The cottage design of the project establishes a network of generous and permeable green spaces, whose continuity and diversity respond to the dual need for public accessibility and more private appropriation.

The environmental quality of the project lies in the compactness of its volumes, freeing up a maximum of green spaces. The uniform forms and recognizable identity of the neighborhood are ensured by a unit of materials applied to different sizes.

Green Village features two major squares, one access square on the road of Morillons and the other in front of the entrance of the Ecumenical Center.

This way of designing space gives this neighborhood the image of a village.






Architecture creates a place of welcome

The creation of an optimal living and working environment is at the heart of the Green Village concept. Urban lifestyle and tranquility are in perfect harmony within a natural setting. The result is a welcoming combination of housing, services, and amenities.

The location, architecture, and design features are commendable. Architecture should serve to improve life; at Green Village, it will be a healthy lifestyle that is favored with pedestrian paths, bikes, and the possibility of meeting colleagues, friends, and neighbors in dedicated places.

Green Village is designed by the Geneva architectural firm LRS Architectes, with specific buildings from group8 and dl-a. The constructions are subtly placed, in a balanced way, forming an aesthetic unity. The well-maintained landscaping and rich vegetation of public spaces invite social interaction and reinforce a sense of belonging to the village.

Culture & Heritage

The current buildings house the Ecumenical Center and the headquarters of the World Council of Churches. They were built in the 1960s by the Honnegger brothers, renowned Geneva architects.
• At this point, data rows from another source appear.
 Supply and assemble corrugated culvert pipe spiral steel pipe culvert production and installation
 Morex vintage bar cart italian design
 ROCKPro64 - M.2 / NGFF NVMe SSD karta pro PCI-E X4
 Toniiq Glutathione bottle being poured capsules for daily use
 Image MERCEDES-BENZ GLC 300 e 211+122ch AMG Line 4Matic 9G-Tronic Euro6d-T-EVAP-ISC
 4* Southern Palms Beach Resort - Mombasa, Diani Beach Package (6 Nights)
The central building houses the chapel designed by Danish architect Svend Erik Møller and the conference center. The building and garden designed by landscape architect Walter Brugger have been classified by the Canton of Geneva on the recommendation of the Monuments and Sites Service to ensure their protection. They will be renovated to preserve their architectural and visionary qualities.

Green Village retains the original character of the site by recalling the original orientation of the wings towards the central building and highlighting the landscape vision of the time of the development of the so-called international area.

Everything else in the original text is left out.